Lewat pertemuan yang singkat tetapi cukup akrab tersebut, dan disertai obrolan ringan di atas gelaran tikar sebuah penjual makanan, kami pun menyepakati jadwal kelas menulis, 21 April 2013, dengan pertimbangan bahwa pada minggu kedua April aku tidak ada waktu luang, karena sesuai rencana aku masih berada di Boja.
Sepeda kembali aku kayuh menyusuri jalan pulang, sementara titik gerimis masih berupa tempias. Rasanya, aku tidak sabar menunggu Jumat, ketika aku akan memulai perjalanan gowes buku, gowes sambil berbagi buku, dari Pekalongan menuju Boja, Kendal. Semoga segalanya berjalan lancar. 


Jumat, 05 April 2013

Jumat, 5 April 2013: Three Route in a Row

Seharusnya aku memulai menulis catatan-catatan bersepeda ini beberapa bulan lalu, sejak aku mulai sering bersepeda pada setiap Jumat dan Minggu. Tapi, yah, tetap tidak ada salahnya jika aku baru memulainya hari ini, daripada tidak memulai sama sekali.

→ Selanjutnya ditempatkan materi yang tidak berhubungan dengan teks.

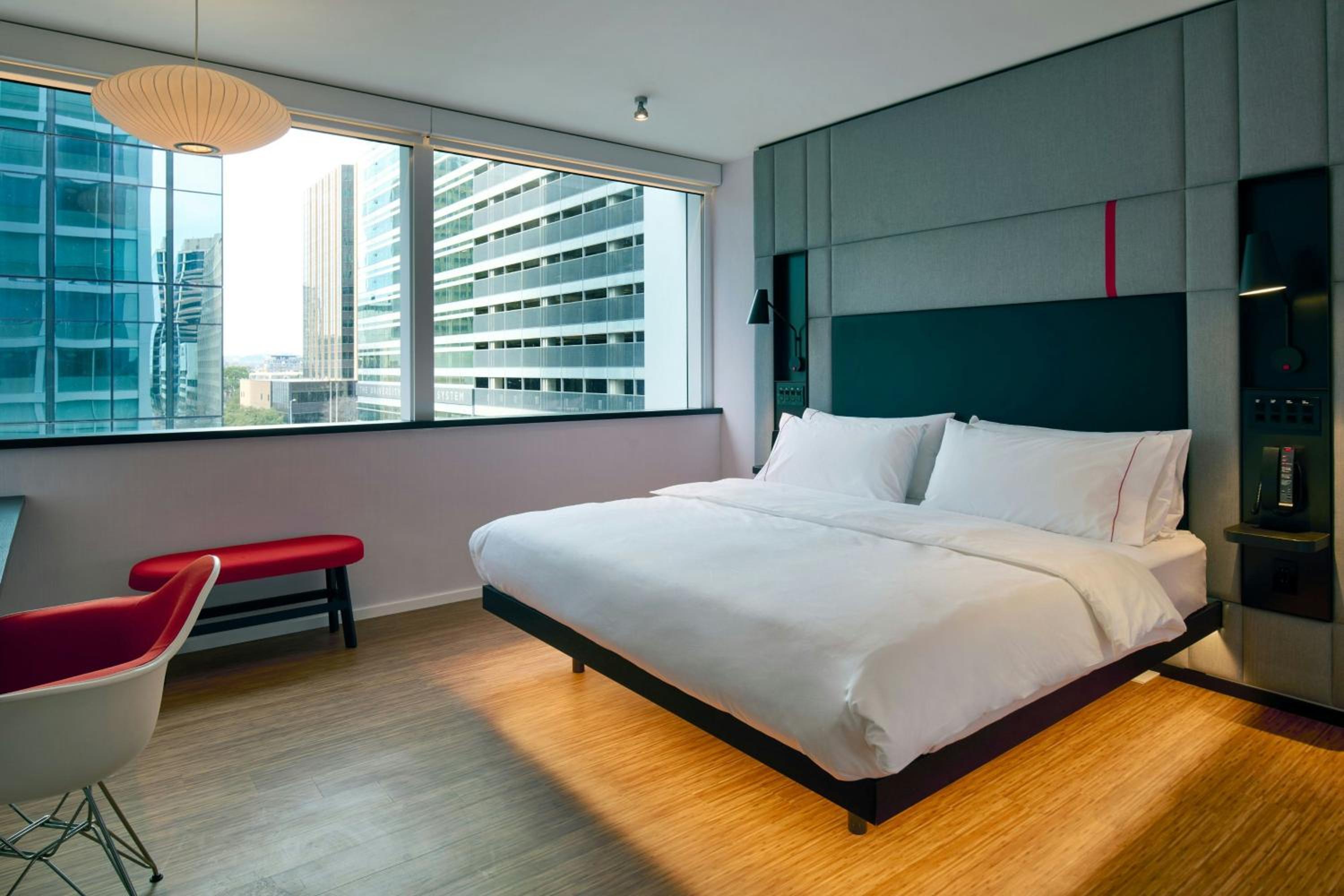 King Room - Accessible - Photo 1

Gowes kali ini mungkin gowes dengan rute terpanjang yang pernah aku lakukan, mungkin kurang lebih sama dengan rute menyusuri perbatasan barat (sampai Kesesi) dan perbatasan timur (sampai Batang) kabupaten Pekalongan. Kali ini aku menyusuri tiga rute sekaligus dari rute yang biasa aku lewati. Rute pertama adalah Kedungwuni--Pakis Putih--Rowocacing--Doro--Karanganyar--Wonopringgo--Kedungwuni, sejauh kurang lebih 20 km; Rute kedua adalah Kedungwuni--Wonopringgo--Kajen--Bojong--Surobayan--Kedungwuni, sejauh kurang lebih 25 km; dan rute ketiga adalah Kedungwuni--Surobayan--Bojong--Wiradesa--Pekalongan kota--Kedungwuni, sejauh kurang lebih 25 km. Gabungan dari ketiga rute tersebut menjadi: Kedungwuni--Pakis Putih--Rowocacing--Doro--Karanganyar--Kajen--Bojong--Wiradesa--Pekalongan kota--Kedungwuni, sejauh, dalam catatan spedometer sepeda, 60,5 km. 

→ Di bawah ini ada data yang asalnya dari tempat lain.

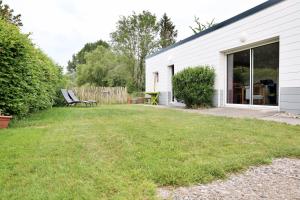 Ogród w obiekcie Gîte Les amoureux de la Baie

Rute pertama adalah rute paling komplit, artinya, sepanjang jalurnya terdiri dari tanjakan, turunan, dan jalanan datar. Sedangkan rute kedua dan ketiga kebanyakan melalui jalanan datar. Kecepatan maksimum sewaktu menyusuri turunan di jalur Doro menuju Karanganyar adalah 38 km/jam. Sebenarnya bisa lebih tinggi lagi jika tidak dilakukan pengereman karena jalan yang relatif berliku. Dan kecepatan maksimum dalam perjalanan ini adalah 42 km/jam, sewaktu melaju di turunan yang relatif lurus di depan taman makam pahlawan Bojong. 

Sepanjang jalan, sering kali terlihat rombongan anak-anak berseragam berangkat sekolah, sementara di depan sekolah, para guru mereka menunggu di depan gerbang masuk, untuk dicium tangan oleh para murid-murid mereka. Sebuah pemandangan yang menyentuh.